_EXCERPTED DATA_
* * * * * * * * *

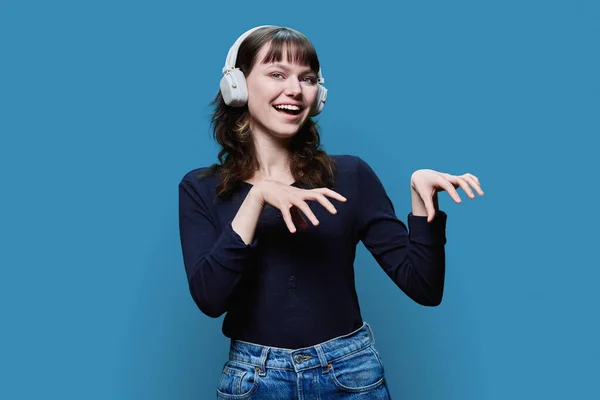 快乐迷人的年轻女性在耳机跳舞流行的舞蹈 蓝色工作室背景 现代青年 生活方式 人的观念 — 图库照片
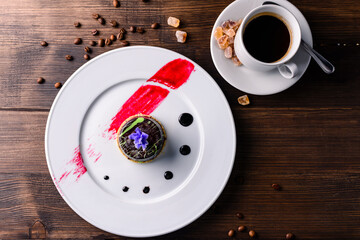 Petit gateau dessert, Traditional Sweet Chocolate cake, chocolate dessert served on large plate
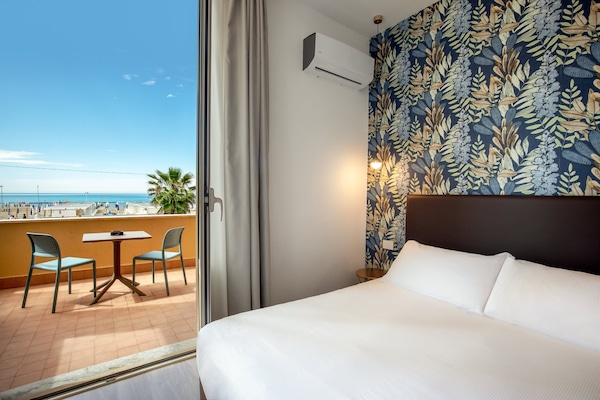 Double or Twin Room, Sea View | Memory foam beds, in-room safe, desk, iron/ironing board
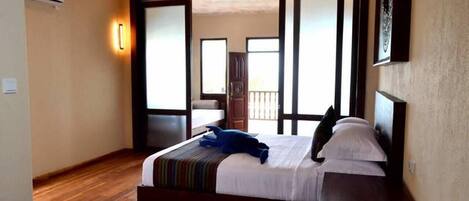 A bedroom with a wooden floor, a bed with a striped blanket, and a view of a balcony through a sliding door.
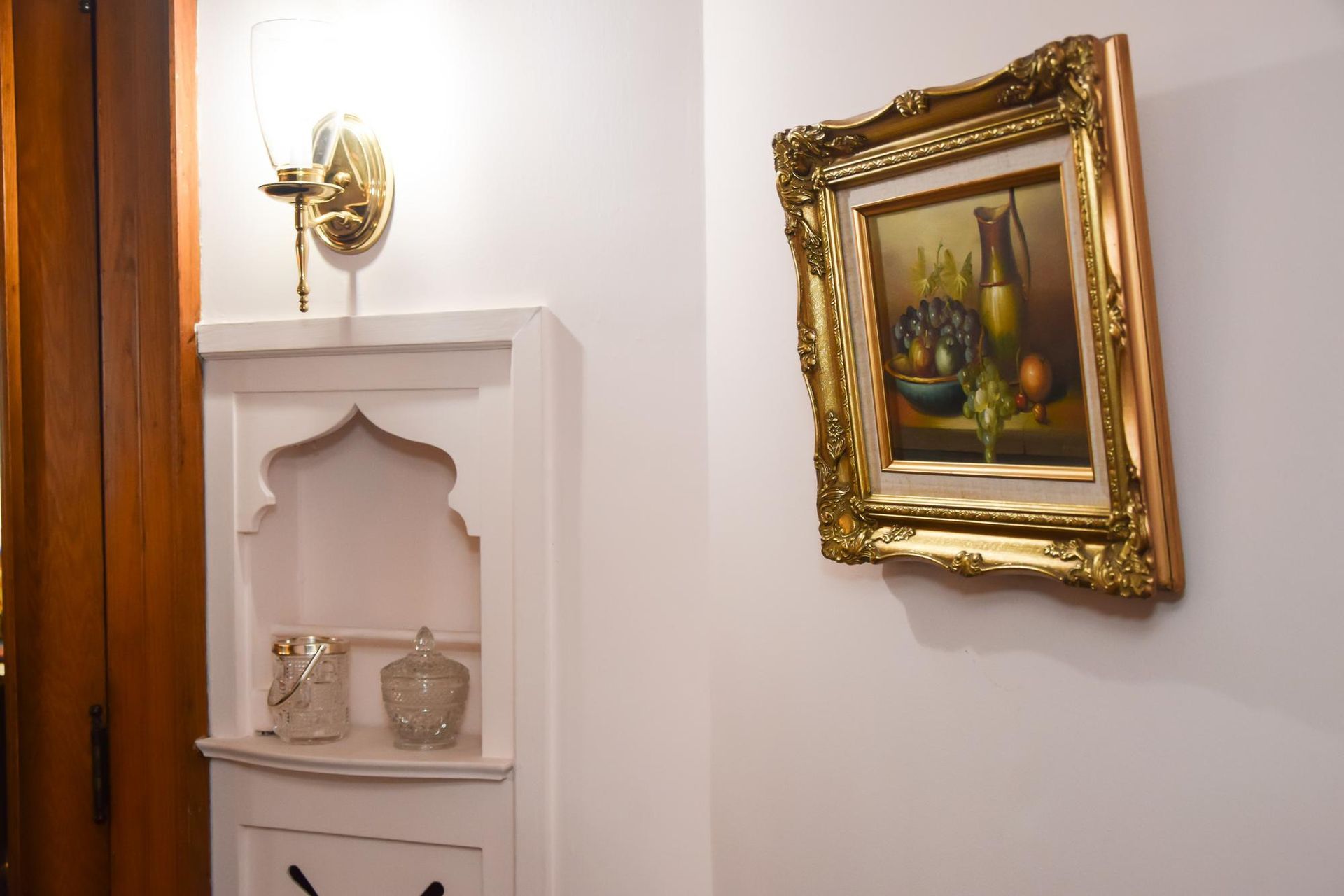 Hallway with a gold wall sconce, white niche shelf, and framed painting on a pale wall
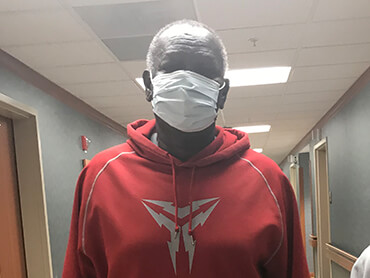 Gordon wearing a red jacket and Covid mask standing in a hospital hallway.
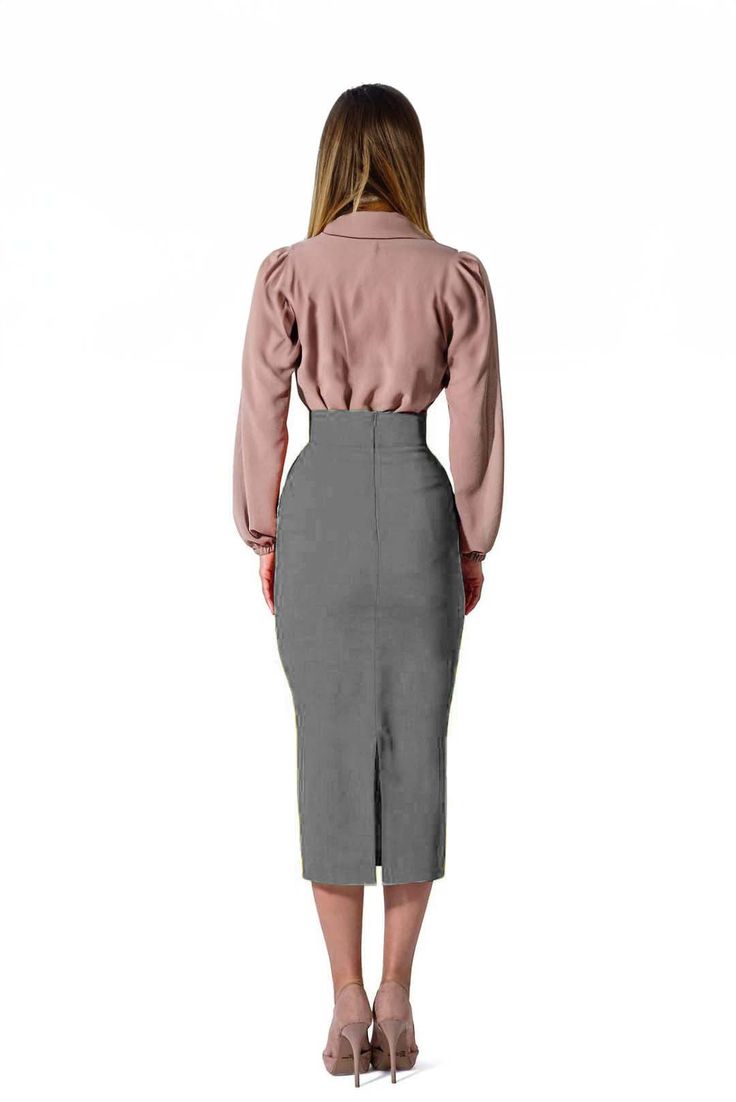 This midi skirt is crafted from high-quality grey cotton, with a soft feel and timeless style. The skirt is lightweight and features an elastic waistband for a comfortable fit. Perfect for formal and casual looks. Product Features Please Compare your Measurements To our Size Chart Before Purchase Fully Lined Fitted waist Center back seam with invisible zipper Regular fit- true to size Skirt Length is 30 Inches from Waist Hand Wash with mild soap. Fabric is a 100% Cotton Crepe Delivery Time This Gray Knee-length Workwear Bottoms, Gray Knee-length Bottoms For Workwear, Fitted Gray Skirt With Pockets, Gray Fitted Skirt With Pockets, Business Casual Midi Length Bottoms For Fall, Gray High Waist Skirt For Work, Gray Workwear Skirt With Pockets, Chic Gray Knee-length Bottoms, Gray Long Skirt For Workwear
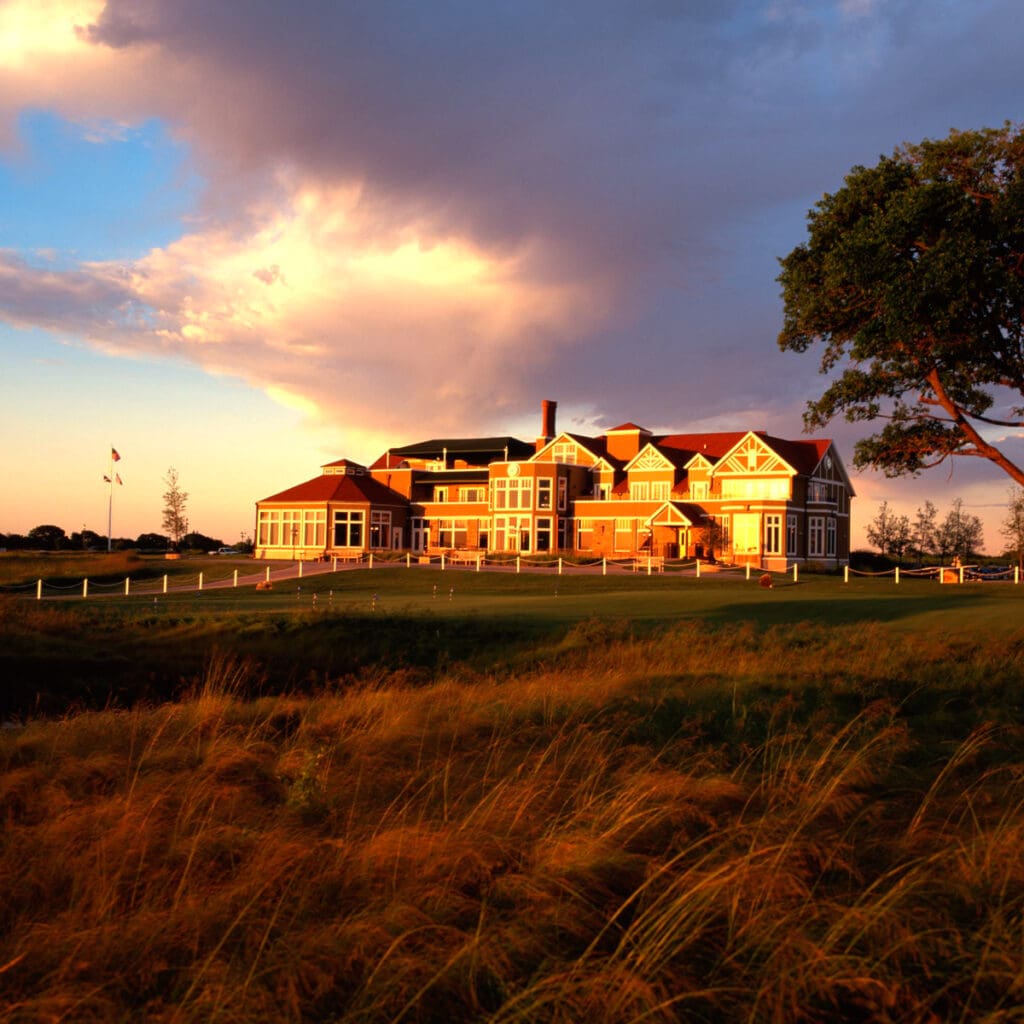 Golf course photograph of The Tribute Golf Club in The Colony, Texas, featuring clubhouse architecture and rolling fairways.
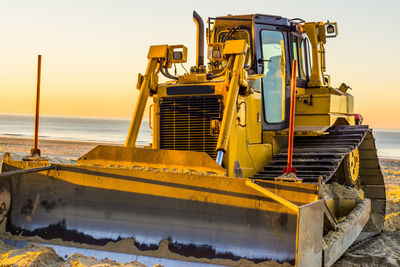 Construction site by sea against sky during sunset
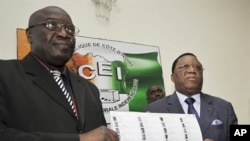 Director of Ivory Coast's Prime Minister Soro's Cabinet Paul Koffi (L) and president of Ivory Coast's Independent Electoral Commission (CEI) Youssouf Bakayoko (R) present the new provisional electoral list ahead of national elections in Abidjan, 12 Jul 20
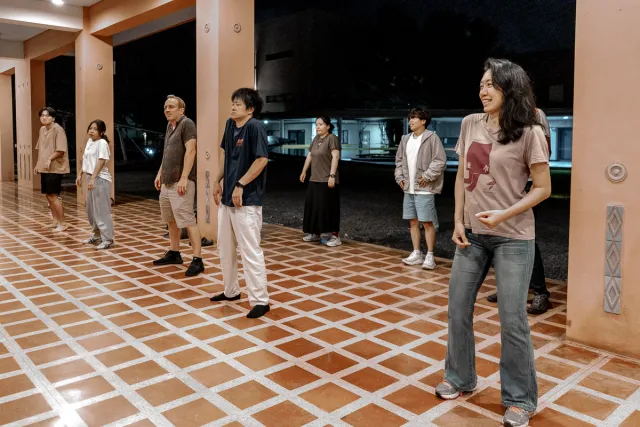 A group of people stand in a row practicing dance moves in an open-air covered space at night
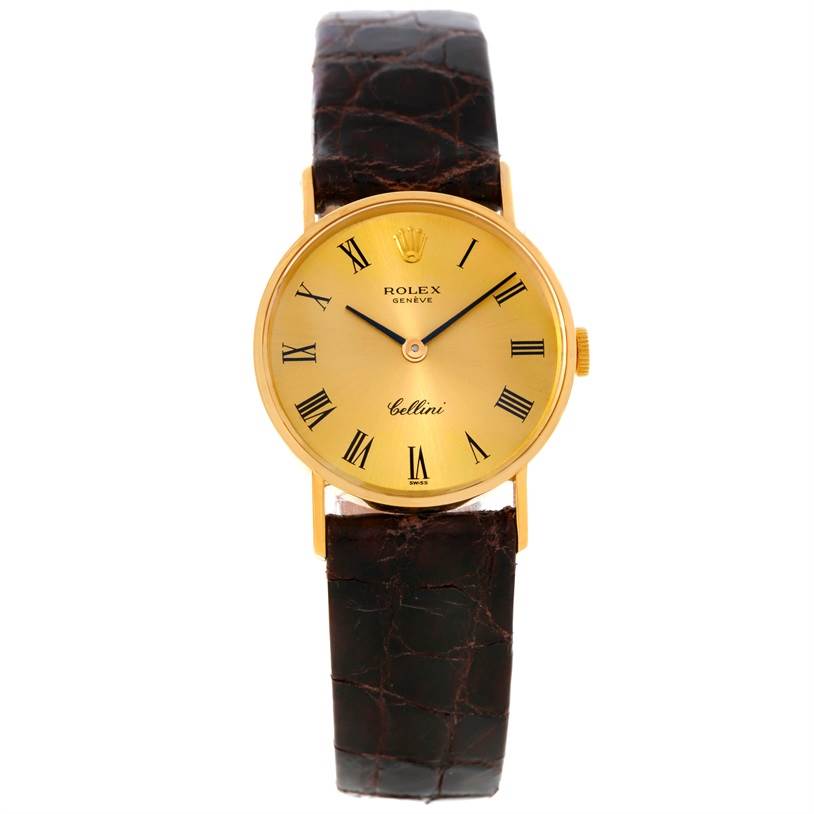 This image shows a front view of a Rolex Cellini 3810 Women's Yellow Gold Champagne Dial 3810 Women's Yellow Gold Champagne Dial watch with a gold dial and brown leather strap.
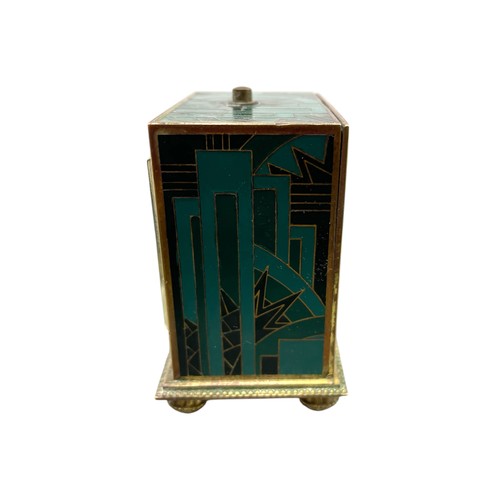 216 - Zenith Art Deco travelling alarm clock in gilt brass rectangular case with enamelled geometric desig...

* * * * * * * * *

_PROBLEM DESCRIPTION_
I would like the exact lines from the data above, starting with the one that holds "Double or Twin" and going on through the one that holds "Gordon wearing a", without the pictures.

_RESPONSE TO THIS EXERCISE_
 Double or Twin Room, Sea View | Memory foam beds, in-room safe, desk, iron/ironing board
 A bedroom with a wooden floor, a bed with a striped blanket, and a view of a balcony through a sliding door.
 Hallway with a gold wall sconce, white niche shelf, and framed painting on a pale wall
 Gordon wearing a red jacket and Covid mask standing in a hospital hallway.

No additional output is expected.